A stone cabin in the woods. Outside, the snow is falling in big wet flakes. This is probably the last snow of the season, although it’s impossible to tell for sure. It settles on the bare open ground between the edge of the cabin and the beginning of the trees, and on the dirt road that leads back to the main house. The trees are still and unusually silent.

Inside, the cabin is cosy and warm. On the red brick floor, spilling from underneath the enormous plush rug, are the blackened patches marking where the cabin burned down in the 70s, and the floor was the only thing able to be saved. The wooden table you have been using as your desk is a wide stretch of possibility, covered with books and page markers and bits of leaf you’ve brought in from the outside to try to describe. Your poems are laid out in neat rows on the rug behind you. You twiddle your pen between your thumb and forefinger. You listen to the clicks and taps as the heating reasserts itself. You begin to write.
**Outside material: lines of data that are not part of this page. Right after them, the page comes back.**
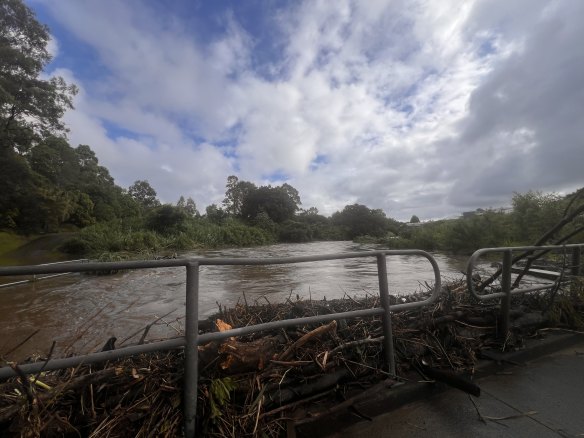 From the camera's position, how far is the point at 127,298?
600cm

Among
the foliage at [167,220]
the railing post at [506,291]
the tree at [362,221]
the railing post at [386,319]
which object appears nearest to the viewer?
the railing post at [386,319]

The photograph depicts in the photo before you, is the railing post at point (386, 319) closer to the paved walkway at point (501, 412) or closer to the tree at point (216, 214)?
the paved walkway at point (501, 412)

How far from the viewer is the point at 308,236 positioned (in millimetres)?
41312

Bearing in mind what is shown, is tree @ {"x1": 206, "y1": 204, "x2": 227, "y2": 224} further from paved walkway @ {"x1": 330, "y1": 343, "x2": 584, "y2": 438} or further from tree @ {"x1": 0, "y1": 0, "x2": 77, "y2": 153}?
paved walkway @ {"x1": 330, "y1": 343, "x2": 584, "y2": 438}

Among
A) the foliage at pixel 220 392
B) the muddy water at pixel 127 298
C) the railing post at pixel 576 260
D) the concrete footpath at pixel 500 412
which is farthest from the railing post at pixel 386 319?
the railing post at pixel 576 260

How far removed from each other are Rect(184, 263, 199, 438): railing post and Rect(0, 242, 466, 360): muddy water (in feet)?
4.92

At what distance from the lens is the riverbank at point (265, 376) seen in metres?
1.21

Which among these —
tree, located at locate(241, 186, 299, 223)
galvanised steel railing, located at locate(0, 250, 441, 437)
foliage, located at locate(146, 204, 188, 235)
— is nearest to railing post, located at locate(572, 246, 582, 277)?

For three weeks, I was an artist in residence at MacDowell Colony in New Hampshire. Every morning after breakfast, I would walk from my room in the shared house, along the dirt road through the woods, to my studio to write. While there, I was writing poetry, working (very very gradually) towards a full collection. I would sit in my studio, in the most peaceful surroundings, writing or reading or collecting ideas, until my lunch was brought to me in a little picnic basket. At which point I would stop, eat lunch, then carry on in the afternoon. Sometimes I would stop to go for a woodland wander and some fresh air. Sometimes I would try to figure out chords on the studio’s Steinway, for no other reason than that I enjoy using my brain in that logical, pattern-based way now and again. In the evenings, I would go to Colony Hall with the other artists in residence – up to 24 of us in total. Afterwards we would listen to someone present work, or I would read in the library, or we would watch a film. This was my life for three incredible weeks.
The days themselves were hugely productive. Even on the days I didn’t actually write very much, I did so much reading and thinking and pulling together ideas for the collection. It’s amazing how much extra time there is in a week when you don’t have to worry about cooking / buying groceries / ploughing through admin.  MacDowell Colony’s motto is ‘Freedom to create’, and it definitely lives up to its name.

What MacDowell provides: 

  • Accommodation, either in a bedroom in a shared house, or in a live-in studio
  • A studio (aka a cabin in the woods)
  • 3 meals a day, including cooked breakfast, lunch delivered to your studio in a picnic basket, and communal dinner
  • Access to the collections in the James Baldwin Library – one of the most beautiful libraries I’ve ever worked in
  • An optional lift into town twice a week
  • Coffee (or tea) available all the time – such an essential for writing!

You can also apply for a stipend to help fund your time away from regular life, and for a travel grant.

What I liked most about the residency: my top 3:

  • My cabin in the woods: let’s be honest, what writer out there hasn’t daydreamed about getting to work in their own little studio surrounded by beautiful trees?
  • Meeting other artists: MacDowell accepts residents in all art forms, so the range of interests and practices at MacDowell was such a treat to immerse myself in – and wonderful to hear the other artists sharing their work.
  • Time: I’ve already said this, I know, but I can’t emphasise enough how important it was to have that time to write, with absolutely no other commitments. Such a luxury, that meant I was able to eat, sleep and breathe the project I’m working on.

Special mention also has to go to Frisky (the director’s gorgeous dog, who popped into breakfast every morning for a scratch behind the ears, and to check if we’d dropped any bacon on the floor) – and to the cat we nicknamed Baldwin (after the James Baldwin library). Baldwin eventually turned out to be a missing cat from a house down the road, but in the time it took to figure that out, she’d already become a firm friend, and followed me around the campus.

The only problem? Three weeks definitely didn’t feel like long enough. I could have spent so long there, revelling in the opportunity to be creative with no distractions from the outside world!